Firstly, a molecular cause is not retrieved in all patients with inherited forms of renal tubular acidosis, either proximal or distal [114]. Full genome sequencing, combined with functional studies of the candidate genes listed in this review, mutated in humans or causing renal tubular acidosis in knockout animal models, such as Kir4.2, NHE4, NBCn1, and Rhcg, can be expected to resolve many of these cases and better explain the underlying mechanisms in the near future.

Secondly, the role of determinants of cell polarity, such as FOXI1, and of signaling or scaffolding, such as WDR72, both recently discovered thanks to gene sequencing in patients, is not yet fully understood. Similarly, the list of protagonists of ammonia metabolism and transport inside and outside the mitochondria of the proximal tubule is still incomplete; the precise role of sulfatides, the lack of which is associated with acidosis, is not understood. Further research is needed to decipher the role of these newly discovered protagonists in the process of acid excretion by the kidney.

Thirdly, the description of sex differences in renal physiology and pathophysiology is still in its infancy, and the understanding of these differences is far from complete.

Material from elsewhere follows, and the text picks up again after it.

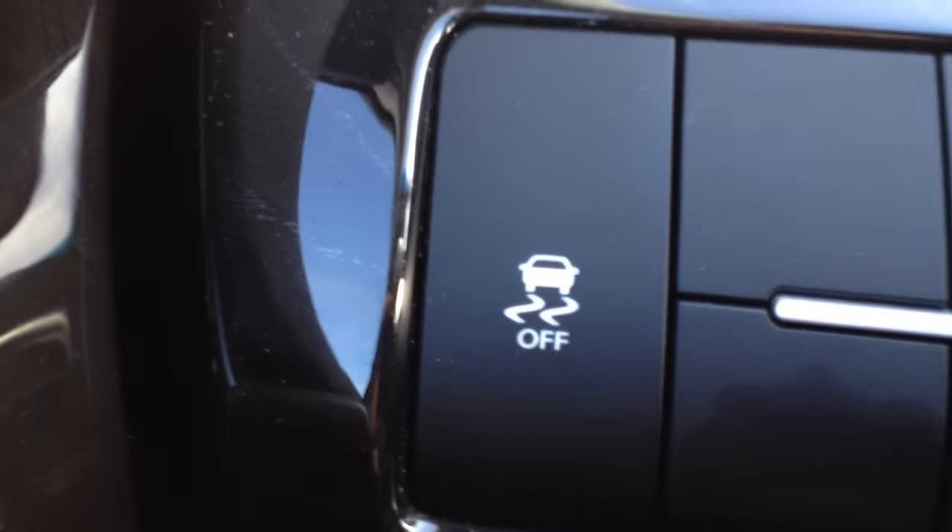Hey guys, it's Ben Lindsey. I just want to do a quick video. We're going into winter here, and there's an important button that is on most cars that I wanted to show you what it did, because a lot of salespeople kind of just quickly glance over it or they don't mention it at all at delivery. So it's something important you should know about. What it is, is this traction control or stability control off button.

Finally, although the role and impact of acidosis on the development and progression of CKD has long been known, the mechanisms involved in the adverse effects of acidosis during CKD progression remain incompletely deciphered. The injured kidney responds to the decline in urinary ammonium excretion by increasing t-ammonia production in the remaining functional nephrons. This phenomenon was observed, for example, in the remnant kidney of a CKD stage III rat model of reduced renal mass where an increase in the rate of ammonia production was observed in vitro from the rats fed a high-protein diet [97, 124, 125]. However, this compensatory response can lead to high local intrarenal ammonia concentrations which, in the long term, can trigger deleterious mechanisms in the remaining healthy renal tissue. Stimulation of the complement pathway, recruitment of inflammatory cells, and oxidative stress can be enhanced by high ammonium concentration in renal tissue and promote a cascade of events that may eventually lead to tubulointerstitial fibrosis [29]. A direct link between intrarenal ammonium accumulation and kidney fibrosis has yet to be established in humans. Acidosis also promotes systemic and renal production of endocrine factors such as aldosterone, angiotensin II, or endothelin 1 (ET1). ET1, whose two receptors, ETA and ETB are functional in the renal tissue, contributes to maintain normal bicarbonatemia and blood pH via its ETB receptor by activating transporters leading to bicarbonate reabsorption in the proximal tubule and protons excretion in the collecting duct. However, ET1 also promotes renal injury, proteinuria, inflammation, and kidney tissue fibrosis via its ETA receptor. The mechanisms involved in balancing these two antagonistic actions remain to be identified.

Conclusion

This review summarizes the state of knowledge on NH3/NH4+ production and transport by the kidney. Fundamental discoveries have altered our understanding of the molecular mechanisms of renal ammonia transport in recent decades. Future research in this field is needed to understand the fate of ammonia metabolism in pathophysiological states and to provide insight into the mechanisms of kidney disease.